*What needs to be done*: If an entry holds a picture, leave the picture out and copy the rest exactly.

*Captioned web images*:

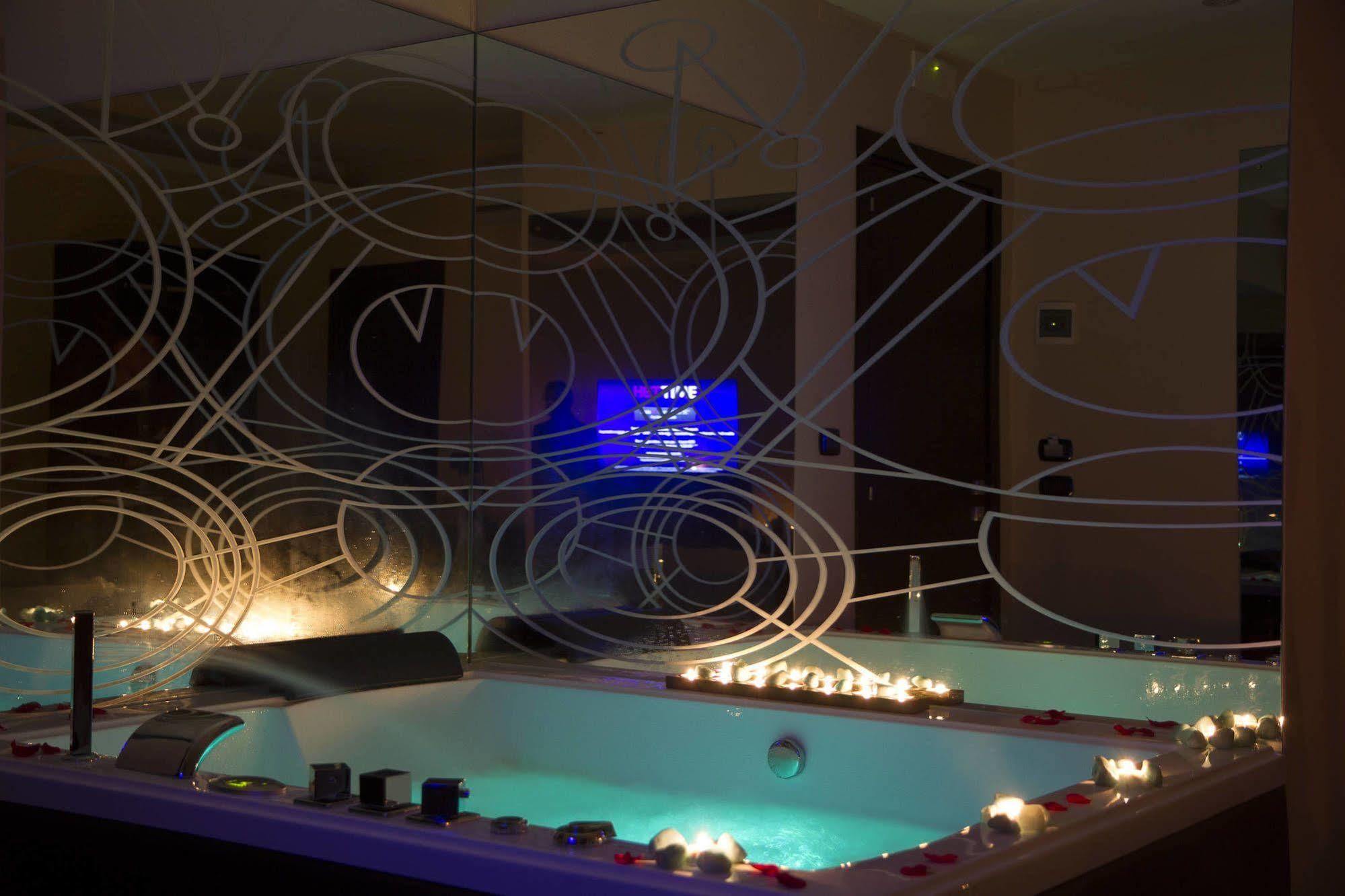 Kleopatra Design Hotel Napoli Eksteriør bilde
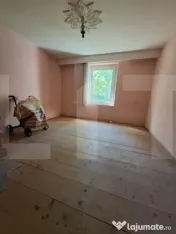 Casă bătrânească cu teren 1335 mp în zona Popa Șapcă 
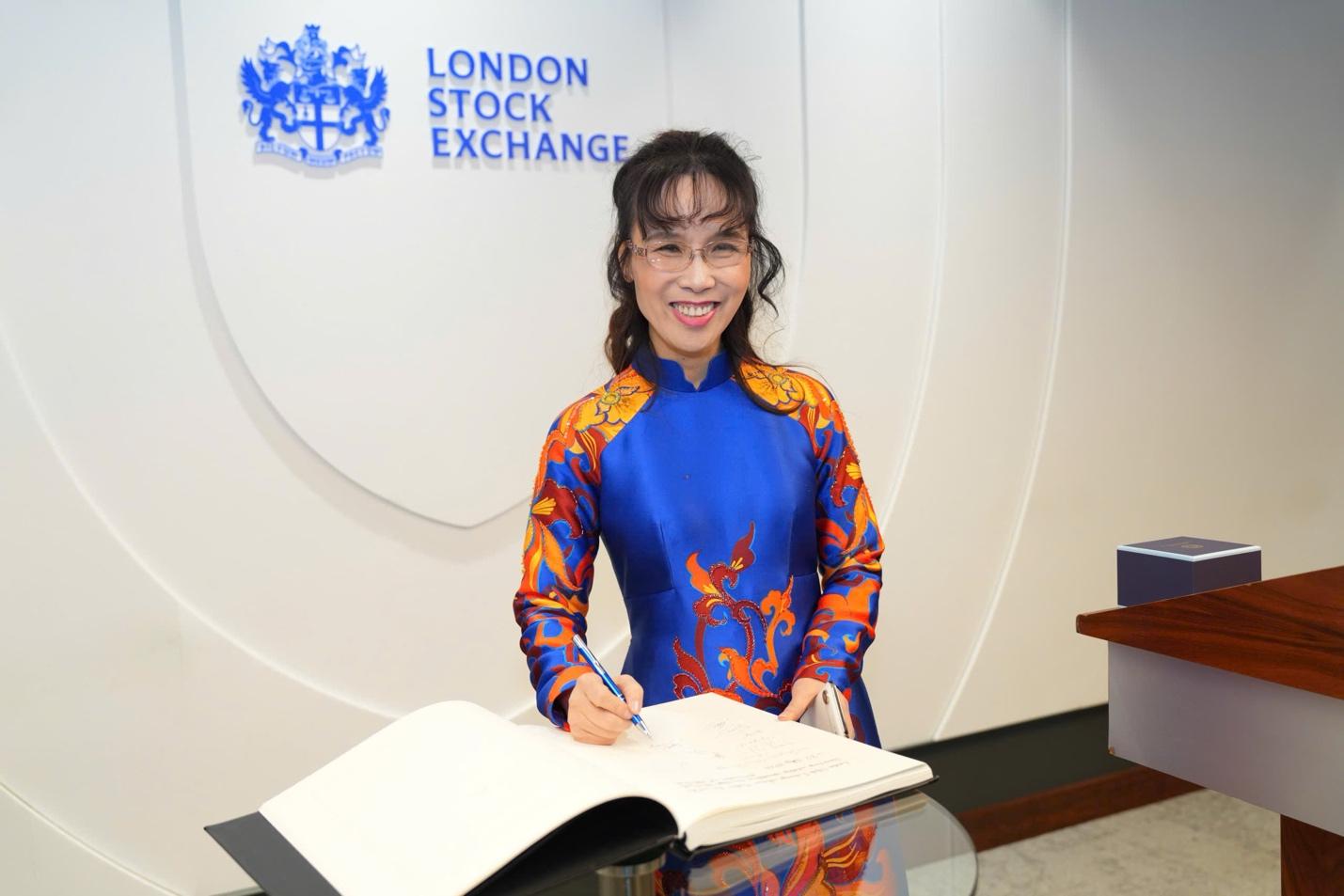Tiến sĩ Nguyễn Thị Phương Thảo bấm nút mở phiên Sàn Chứng khoán London - Ảnh 9.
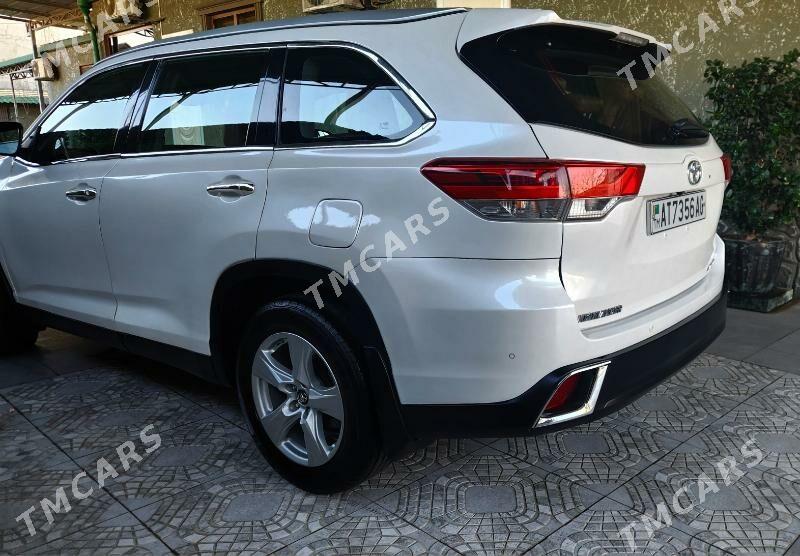 Toyota Highlander 2018 - 400 000 TMT - Aşgabat - img 3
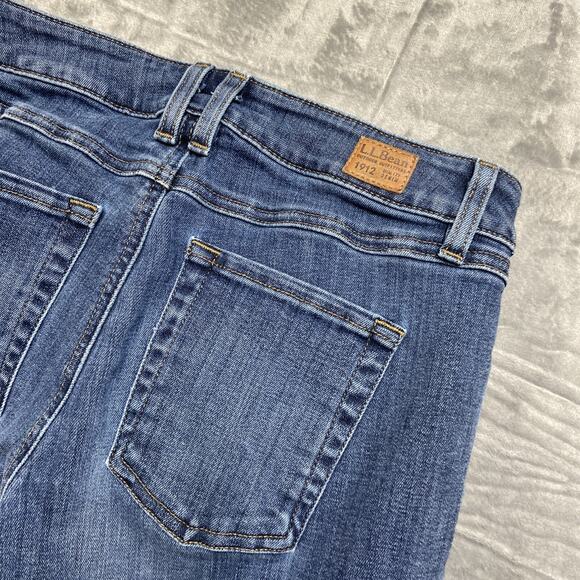 L. L. Bean Straight Fit Jeans Men’s Size 8 Blue Denim - Picture 9 of 10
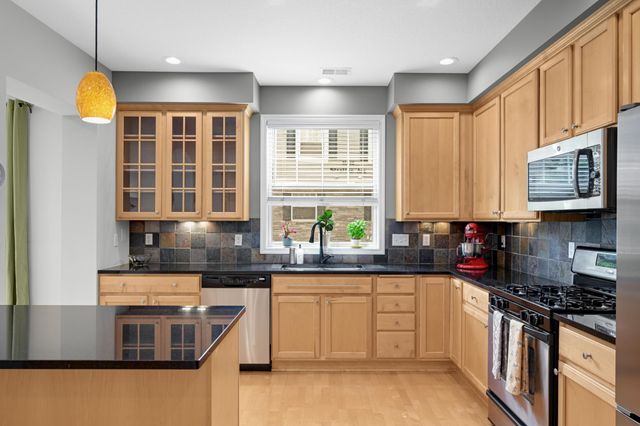 11343 Stratton Avenue 214, Eden Prairie, MN 55344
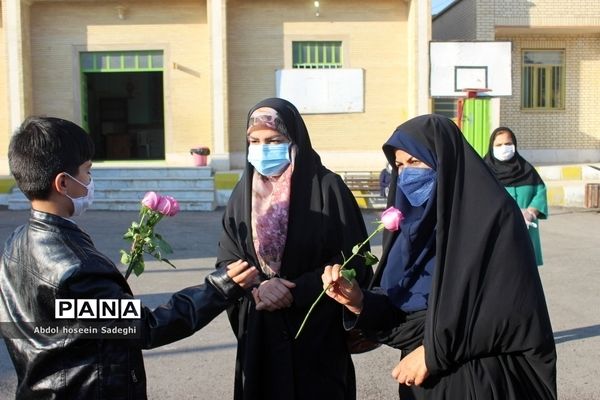 بازدید سرپرست مرکز امور بین‌الملل و مدارس خارج کشور وزارت آموزش و پرورش  از دبستان شهید حسن آیت محله تنگک بوشهر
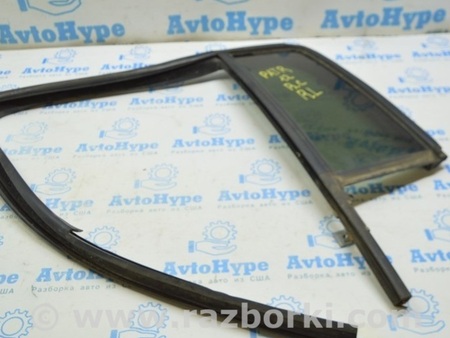 ФОТО Стекло треугольник двери с уплотнителем заднее левое для Jeep Patriot (10-17) Одесса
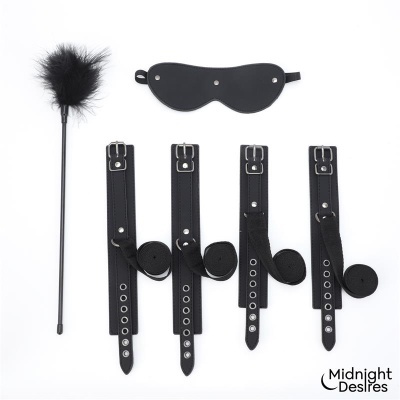 Conjunto preto de bondage com venda, algemas e chicote com plumas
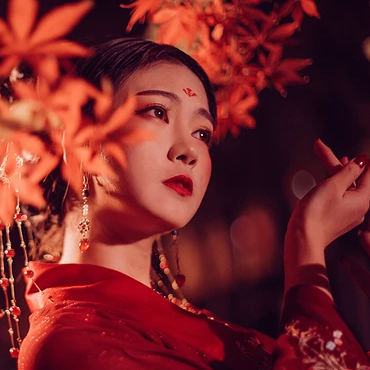 朱紅嬌艷女生頭像，唯美古風(fēng)真人頭像
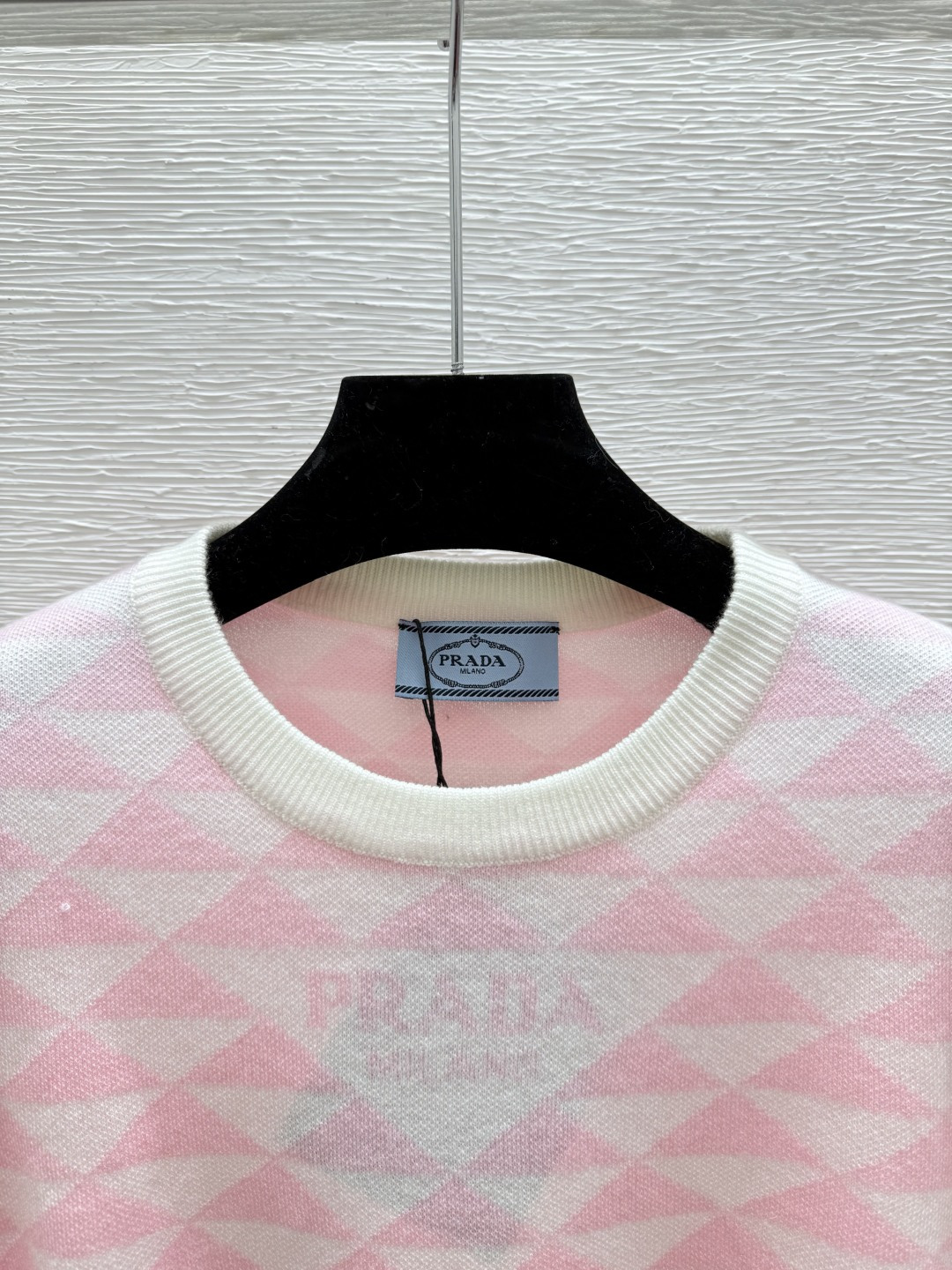 🆕P家🆕 早秋新款 菱格圆领针织长袖颜色：粉色 杏色 黑色尺码：36.38.40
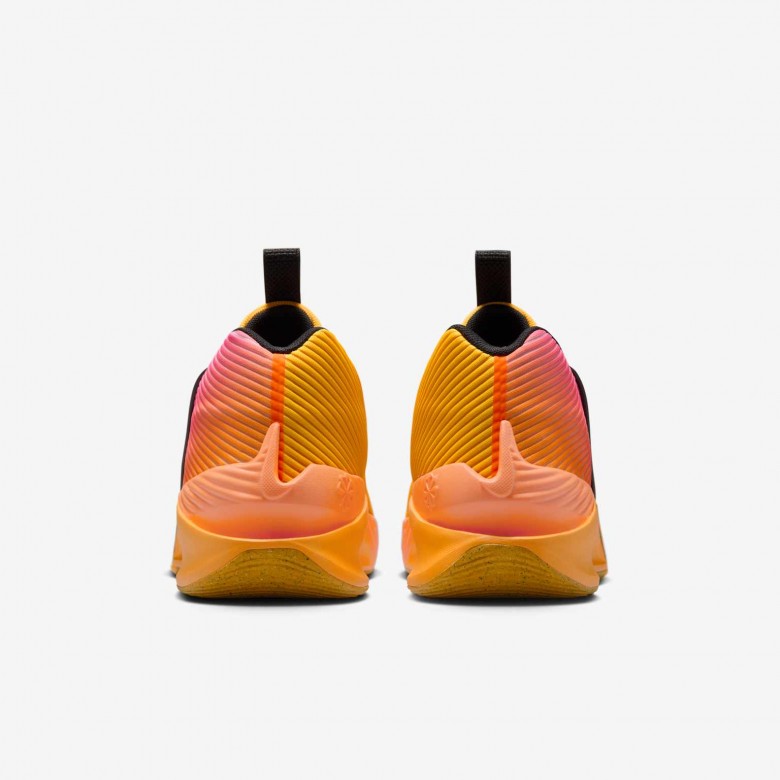 Nike G.T. Jump Academy Nike G.T. Jump Academy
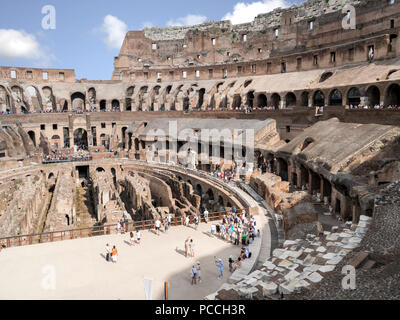 Leute das Zentrum und Arena, die das Kolosseum, Rom, Italien Stockfoto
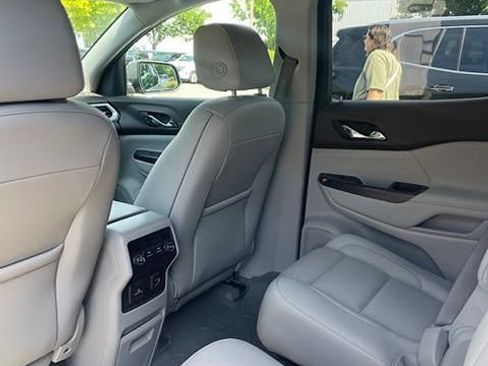 Used 2019 GMC Acadia SLT FWD image 7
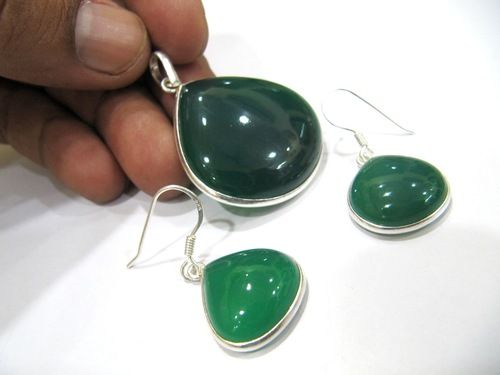 925 Sterling Silver Stamped Green Onyx Heart Shape Pendant Set Gender: Women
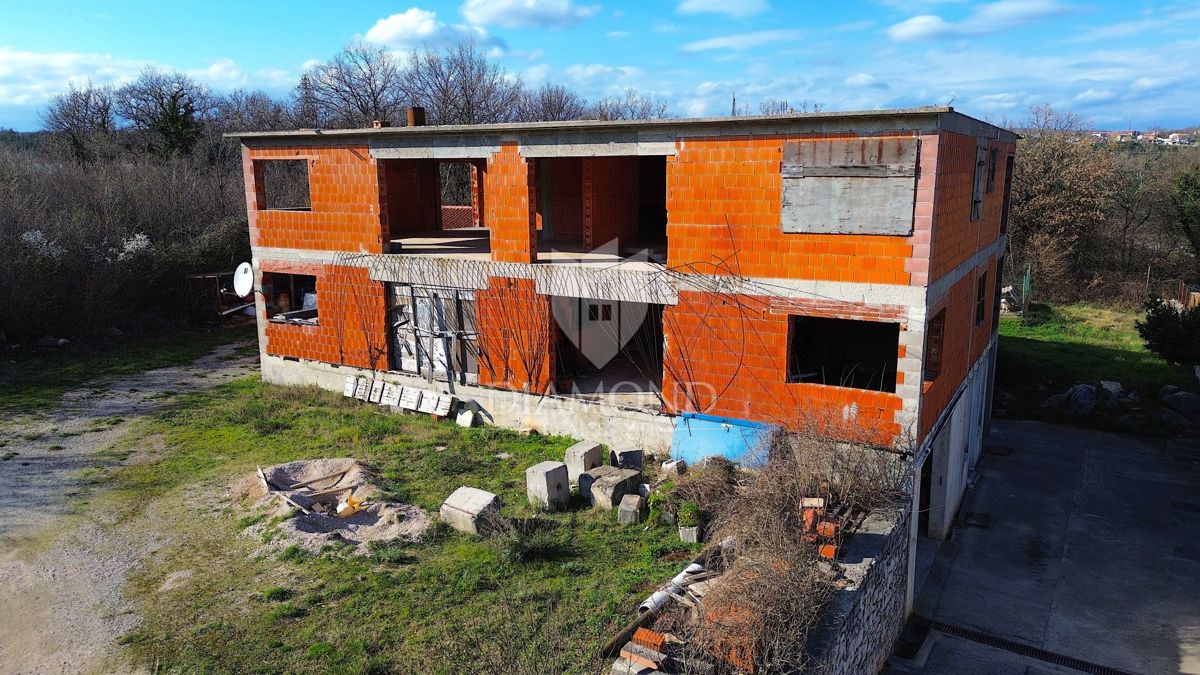 Albona, dintorni della città, edifici Rohbau con ampio terreno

*Exercise solution*:
 Kleopatra Design Hotel Napoli Eksteriør bilde
 Casă bătrânească cu teren 1335 mp în zona Popa Șapcă 
Tiến sĩ Nguyễn Thị Phương Thảo bấm nút mở phiên Sàn Chứng khoán London - Ảnh 9.
 Toyota Highlander 2018 - 400 000 TMT - Aşgabat - img 3
 L. L. Bean Straight Fit Jeans Men’s Size 8 Blue Denim - Picture 9 of 10
 11343 Stratton Avenue 214, Eden Prairie, MN 55344
 بازدید سرپرست مرکز امور بین‌الملل و مدارس خارج کشور وزارت آموزش و پرورش  از دبستان شهید حسن آیت محله تنگک بوشهر
 ФОТО Стекло треугольник двери с уплотнителем заднее левое для Jeep Patriot (10-17) Одесса
 Conjunto preto de bondage com venda, algemas e chicote com plumas
 朱紅嬌艷女生頭像，唯美古風(fēng)真人頭像
 🆕P家🆕 早秋新款 菱格圆领针织长袖颜色：粉色 杏色 黑色尺码：36.38.40
 Nike G.T. Jump Academy Nike G.T. Jump Academy
 Leute das Zentrum und Arena, die das Kolosseum, Rom, Italien Stockfoto
 Used 2019 GMC Acadia SLT FWD image 7
 925 Sterling Silver Stamped Green Onyx Heart Shape Pendant Set Gender: Women
 Albona, dintorni della città, edifici Rohbau con ampio terreno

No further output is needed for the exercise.